7.30 pm: I listened again to ‘The Silences’ mix on a different set of headphones. My rule is to always to bounce around from one set of speakers to another and from one set of ‘cans’ to another, throughout a mix. Each audio-monitoring set up presents the sound in a particular way. That way is not necessarily going to be the same as someone else’s experience when hearing the same sounds on different equipment. The aim is to achieve a mix that works well on several contrasting types and qualities of gear and contexts of audition.

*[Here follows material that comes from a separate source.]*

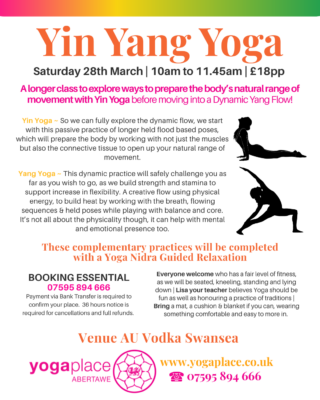 AU Yin Yang Yoga 28th March 26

On the second mix, I gave each sample more space to solo and varied the amplitude’s dynamics further. The composition was getting close to optimisation. However, after two hours of listening I could hear, but without discernment. The ears, like the eyes, tire. Rest!



September 19, 2017

9.00 am: Upwards, to the Hugh Owen Building and a 3-hour meeting on the Research Excellence Framework (REF), as it will ‘impact’ upon practice-based research. I’ve always had considerable misgivings about the ideology and methodology (the one proceeds from the other) of research assessment. I’m now clearer about both, in their current iteration, and firmer in my convictions. In some ways, my own practice fits well within the strictures of its expectations. But it hasn’t always and, someday, may not again. What then?:

On my return to town, I picked up the remaining two cassette-tape recorders from Argos and headed to the mothership for the final MA Fine Art examination board meeting. Once again, the External Examiner was impressed by the overall standard of professionalism. This coming year’s contingent have much to live up to. The aftermath of a working lunch:

2.15 pm: The release of the MA feedback sheets (ex-marks), and a general catch up with incoming mail. 3.00 pm: Consultations about entry to the MA Fine Art degree in 2018 have already begun. Increasingly, we receive inquiries from folk who’ve been out of education for a while, and unconfident about immersing themselves in a taught course again. Their reticence is understandable. They’re asking a great deal of themselves. And we’ll be asking a great deal of them. Our policy, for such, is to begin a discussion, and to set preparatory projects that they can undertake during the year prior to application. As a result, both parties will be, by the end of the process, more convinced that they’ve a fighting chance of success. We move towards the goal together.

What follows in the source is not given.